LGB adults have poor cardiovascular health compared to heterosexual counterparts

Lesbian, gay and bisexual adults are likely to have poor cardiovascular health compared to heterosexual counterparts, according to findings presented March 20 at the American Heart Association’s Epidemiology and Lifestyle conference in New Orleans.

"If confirmed in other studies, our results point towards a disproportionately higher risk for cardiovascular disease among sexual-minority populations," said lead author Anshul Saxena, MPH, PhD, with Baptist Health South Florida in Miami, and colleagues.

Researchers collected data from more than 2,400 adults who participated in the 2011-2012 National Health Examination and Nutrition Survey. Of the study cohort, 95 percent identified as heterosexual and 5 percent identified as lesbian, gay or bisexual.

Questions related to the management of cardiovascular health including blood pressure and blood sugar levels, cholesterol levels, physical activity and smoking habits. Blood results was collected.

The researchers categorized each study subject as having “ideal,” “intermediate,” or “poor” cardiovascular health using the Life’s Simple 7 lifestyle changes —managing blood pressure, controlling cholesterol, reducing blood sugar, getting active, eating healthier foods, losing weight and not smoking.

Of the adults aged 20 to 49, 60 percent of heterosexuals, 56.2 percent of bisexuals and 45 percent of the gay and lesbian group had intermediate or ideal cardiovascular health.

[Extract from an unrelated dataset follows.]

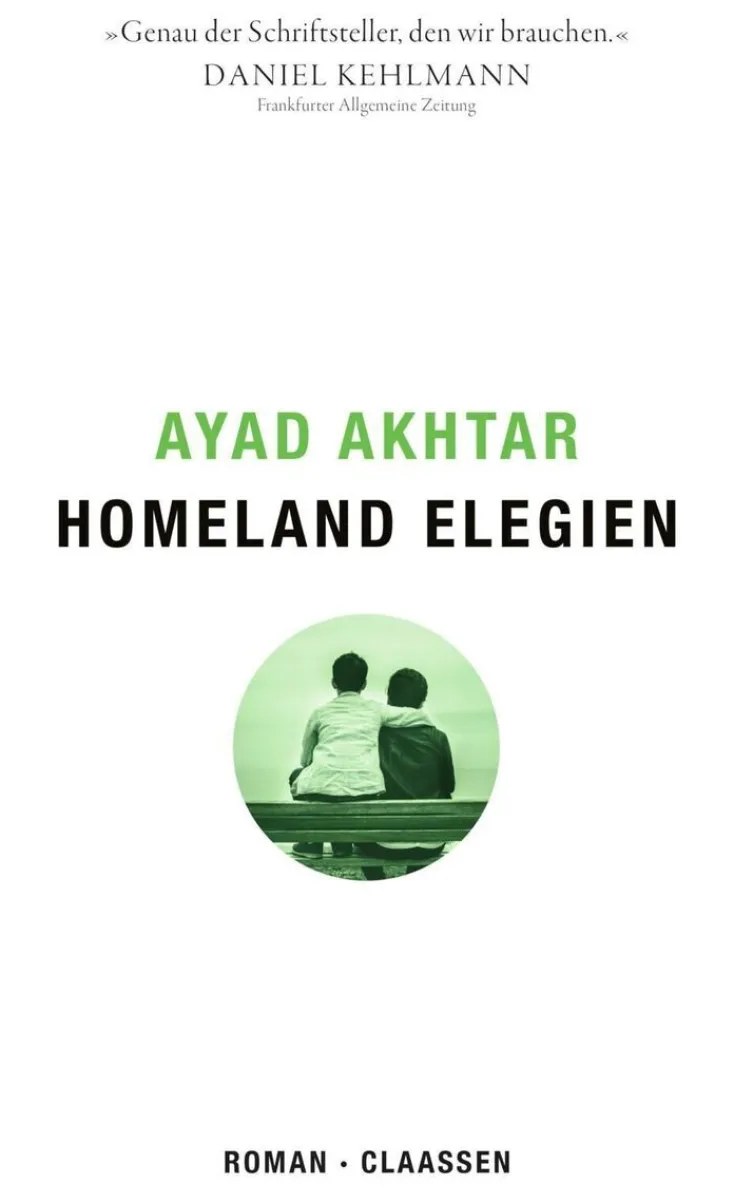 ZEIT Buchhandlung Romane<Akhtar, Ayad: Homeland Elegien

The majority of homosexual or bisexual adults in the same age range, 55 percent and almost 44 percent, respectively, exhibited poor cardiovascular health. Researchers noted 39.9 percent of heterosexuals exhibited poor cardiovascular health.

Saxena said smoking habits and the management of blood glucose were two areas where fewer people in the LGB population were in ideal health.

The findings highlight the need for primary care physicians to do more for LGB patients’ cardiovascular health.

Saxena believes the problem partly stems from the fact that LGB adults may be concerned with how primary care physician will interact with them. He believes a more welcoming healthcare environment would allow them to feel “better understood or willing to disclose health concerns and subsequently improve their care and health outcomes.”

The researchers are now looking at recent survey data to better understand heart disease and stroke risk among LGB adults.